DHAKA: Bangladeshi authorities on Sunday denied accusations that a Rohingya photographer in judicial custody was arrested for documenting the relocation of refugees from Cox’s Bazar to a controversial island camp in the Bay of Bengal.
Rights activists, including Bianca Jagger and Bangladeshi filmmaker Shaifur Rahman, on Friday called for the release of Abul Kalam, who they said was taking photographs of buses with Rohingya refugees on their way to the Bhasan Char island.
A second group of more that 1,804 Rohingya refugees — members of an ethnic and religious minority group who have fled violence and persecution in Myanmar — were on Tuesday taken to Bhasan Char, despite UN concerns for their safety and welfare as the island is prone to flooding and severe weather conditions. They followed a first group of 1,642 relocated to the island, 30 km from the mainland, in early December.
“Kalam was handed over to Ukhia subdistrict police station on Wednesday in connection with a case filed in June 2020. We produced him before the court on Thursday and currently he is being kept in judicial custody,” Cox’s Bazar Additional Superintendent of Police Rafikul Islam told Arab News.

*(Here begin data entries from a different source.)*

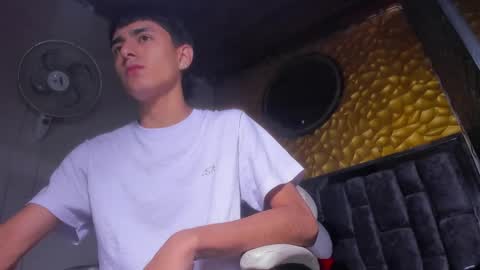 DEREK  FOSTER online show from January 17, 12:31 pm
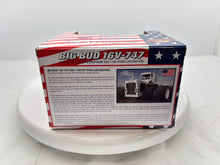 1/64 Big Bud 16V-747 "Patriot Version"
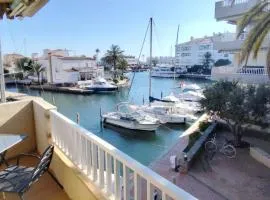 Spacious apartment 5 minutes from the beach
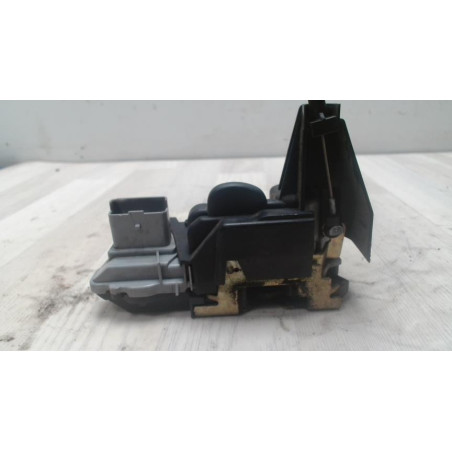 Serrure de porte laterale gauche PEUGEOT 307 PHASE 1 d’occasion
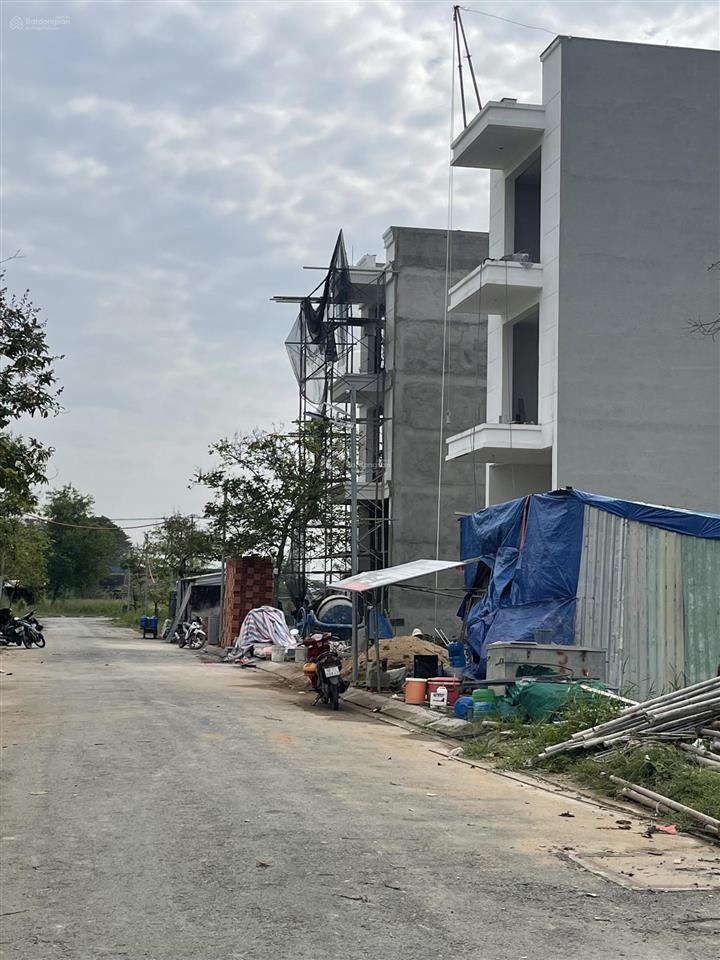 Mặt tiền đường đào trí rộng 30m, 94m2 giá 7.8 tỷ, vị trí đẹp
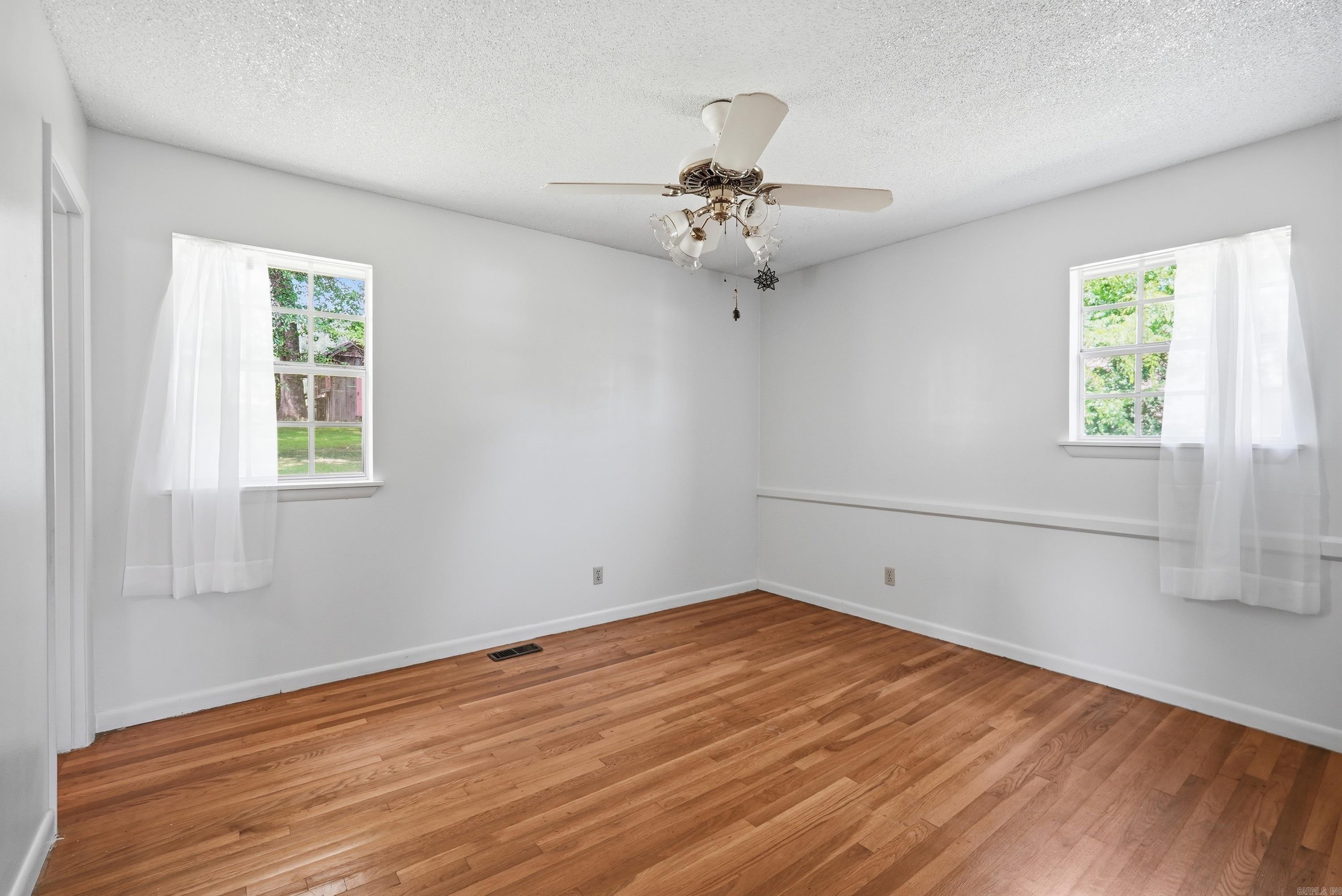 2854 Lakeside Drive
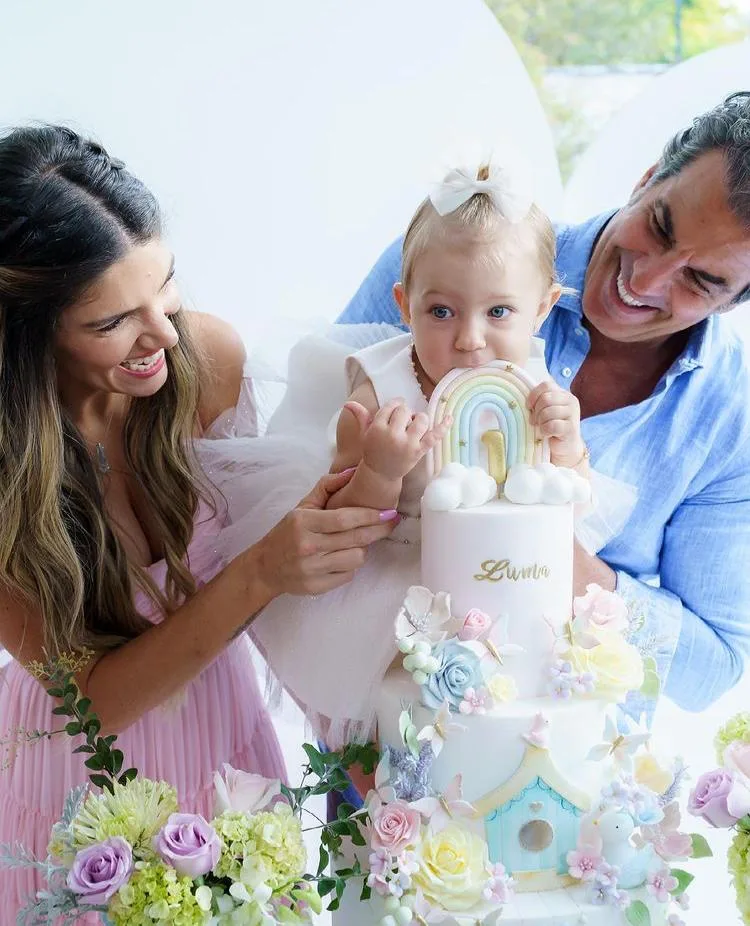 Lou Montenegro e Álvaro Garnero assopram a primeira velinha da filha Luma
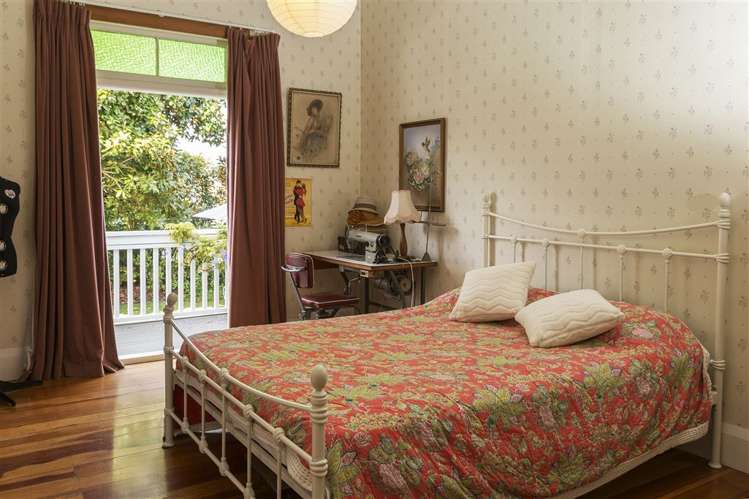 21 Beach Road Pahurehure_10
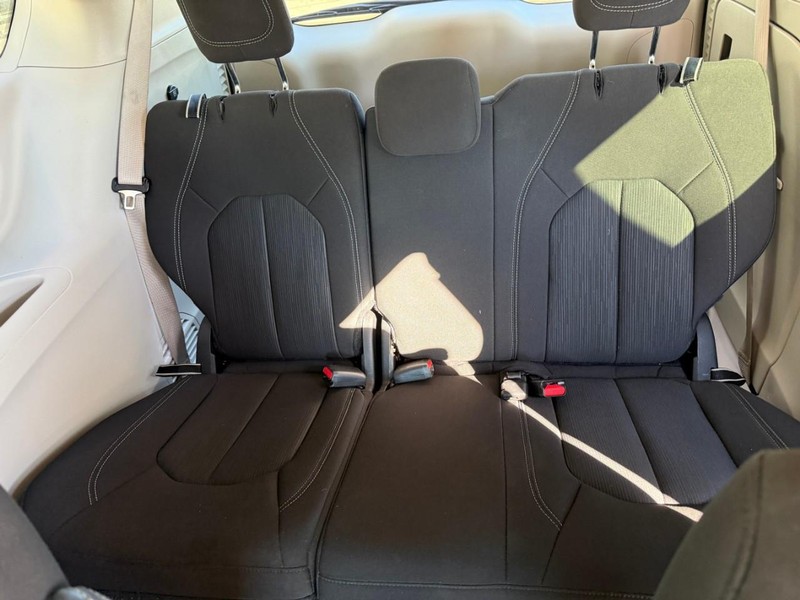 Chrysler Voyager Vehicle Image 14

Kalam, 35, has been living in Bangladesh for the past 28 years. He has been charged with obstructing government work and assaulting officials while discharging duties.
Rights activists say he was apprehended on Monday and handed over to a police station on Wednesday.
“They produced him as an ‘unnamed fugitive’ from a case going back to May 28. Not for anything that happened on Dec. 28, the day of the Bhasan Char relocation, but an incident which allegedly happened seven months earlier,” Rahman, who has been documenting Rohingya refugees and is the initiator of the campaign to release Kalam, told Arab News.
He said it was an attempt to shift the focus from Bhasan Char.
“The removal of focus from what Abul Kalam was doing on Dec. 28 — photographing Bhasan Char buses — is also conveniently handled by involving him in an unrelated case going back months,” Rahman said.
According to activists involved in the campaign to release Kalam, he came to Bangladesh from Maungdaw in Rakhine State, in the western part of Myanmar, and is a prolific photographer who has documented refugee life in recent years, and recently won two prizes in the Rohingya Photography Competition.
Mohammad Sazzad Hossain, the UN Refugee Agency (UNHCR) spokesman in Dhaka, told Arab News that UNHCR has been engaged with authorities since Kalam’s arrest and is providing legal aid to ensure he receives a fair hearing of any charge against him.
“UNHCR has assigned one of its partner lawyers to represent him during the investigation and any subsequent legal proceedings,” he said.